# TASK INPUT:
Segment Open
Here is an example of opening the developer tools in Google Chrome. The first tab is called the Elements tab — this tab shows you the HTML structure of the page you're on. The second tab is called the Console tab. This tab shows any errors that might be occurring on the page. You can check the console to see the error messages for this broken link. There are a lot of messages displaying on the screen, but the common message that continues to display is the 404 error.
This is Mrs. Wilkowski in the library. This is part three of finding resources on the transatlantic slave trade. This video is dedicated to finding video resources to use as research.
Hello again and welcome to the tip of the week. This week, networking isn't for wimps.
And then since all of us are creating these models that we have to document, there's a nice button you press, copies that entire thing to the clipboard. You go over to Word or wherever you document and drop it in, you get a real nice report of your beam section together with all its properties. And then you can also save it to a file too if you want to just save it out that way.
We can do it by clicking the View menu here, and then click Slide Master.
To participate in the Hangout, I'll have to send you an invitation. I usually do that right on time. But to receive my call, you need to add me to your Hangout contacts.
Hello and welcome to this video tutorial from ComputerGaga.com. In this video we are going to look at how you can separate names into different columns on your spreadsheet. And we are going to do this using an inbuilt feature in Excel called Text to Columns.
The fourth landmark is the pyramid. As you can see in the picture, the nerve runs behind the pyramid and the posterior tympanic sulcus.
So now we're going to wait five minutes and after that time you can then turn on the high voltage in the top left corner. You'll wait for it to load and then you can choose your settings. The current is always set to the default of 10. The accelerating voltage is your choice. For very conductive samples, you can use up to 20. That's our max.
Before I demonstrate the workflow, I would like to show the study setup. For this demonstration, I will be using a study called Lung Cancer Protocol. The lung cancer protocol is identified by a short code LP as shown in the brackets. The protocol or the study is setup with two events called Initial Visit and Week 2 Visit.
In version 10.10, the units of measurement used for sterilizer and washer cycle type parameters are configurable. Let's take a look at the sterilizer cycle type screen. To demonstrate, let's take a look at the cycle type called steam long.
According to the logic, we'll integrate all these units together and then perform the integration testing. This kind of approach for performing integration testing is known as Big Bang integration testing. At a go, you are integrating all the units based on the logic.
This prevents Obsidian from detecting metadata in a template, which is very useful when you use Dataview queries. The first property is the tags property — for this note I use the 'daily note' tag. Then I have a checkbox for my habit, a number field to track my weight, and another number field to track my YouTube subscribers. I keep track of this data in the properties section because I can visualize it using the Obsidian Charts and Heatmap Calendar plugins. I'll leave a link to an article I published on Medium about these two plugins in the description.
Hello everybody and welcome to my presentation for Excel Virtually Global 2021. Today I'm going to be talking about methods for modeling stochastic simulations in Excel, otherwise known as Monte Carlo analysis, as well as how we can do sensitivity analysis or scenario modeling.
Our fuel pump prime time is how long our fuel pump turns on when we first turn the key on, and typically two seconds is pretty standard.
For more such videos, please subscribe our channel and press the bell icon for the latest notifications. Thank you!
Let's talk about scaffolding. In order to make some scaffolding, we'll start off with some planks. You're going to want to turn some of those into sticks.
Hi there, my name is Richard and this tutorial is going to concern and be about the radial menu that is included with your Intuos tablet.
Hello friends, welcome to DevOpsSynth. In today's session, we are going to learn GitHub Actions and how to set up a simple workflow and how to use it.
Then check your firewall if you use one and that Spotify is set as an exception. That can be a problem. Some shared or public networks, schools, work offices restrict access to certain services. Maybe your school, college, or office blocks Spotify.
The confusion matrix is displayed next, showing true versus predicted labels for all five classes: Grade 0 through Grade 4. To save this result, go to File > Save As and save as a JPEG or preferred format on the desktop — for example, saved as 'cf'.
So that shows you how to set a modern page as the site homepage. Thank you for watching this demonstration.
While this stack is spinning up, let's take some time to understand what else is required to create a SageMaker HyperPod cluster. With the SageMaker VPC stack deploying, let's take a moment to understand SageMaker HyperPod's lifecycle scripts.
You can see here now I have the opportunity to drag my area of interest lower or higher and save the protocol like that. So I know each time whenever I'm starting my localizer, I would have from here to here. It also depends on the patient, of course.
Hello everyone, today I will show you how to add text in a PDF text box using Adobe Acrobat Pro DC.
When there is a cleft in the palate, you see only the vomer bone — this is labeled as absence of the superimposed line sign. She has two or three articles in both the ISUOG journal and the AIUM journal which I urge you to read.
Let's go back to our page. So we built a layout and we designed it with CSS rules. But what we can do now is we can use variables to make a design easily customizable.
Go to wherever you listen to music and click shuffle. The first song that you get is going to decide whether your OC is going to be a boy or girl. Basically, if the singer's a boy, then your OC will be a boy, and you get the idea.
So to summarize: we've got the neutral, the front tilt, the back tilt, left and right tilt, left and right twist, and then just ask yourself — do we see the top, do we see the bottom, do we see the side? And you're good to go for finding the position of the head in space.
Segment Closed
# REQUIRED ACTION:
Among the lines above, find the one with "Before I demonstrate" and the one with "According to the". Quote both and everything between them, exactly.

# RESPONSE BOX:
Before I demonstrate the workflow, I would like to show the study setup. For this demonstration, I will be using a study called Lung Cancer Protocol. The lung cancer protocol is identified by a short code LP as shown in the brackets. The protocol or the study is setup with two events called Initial Visit and Week 2 Visit.
In version 10.10, the units of measurement used for sterilizer and washer cycle type parameters are configurable. Let's take a look at the sterilizer cycle type screen. To demonstrate, let's take a look at the cycle type called steam long.
According to the logic, we'll integrate all these units together and then perform the integration testing. This kind of approach for performing integration testing is known as Big Bang integration testing. At a go, you are integrating all the units based on the logic.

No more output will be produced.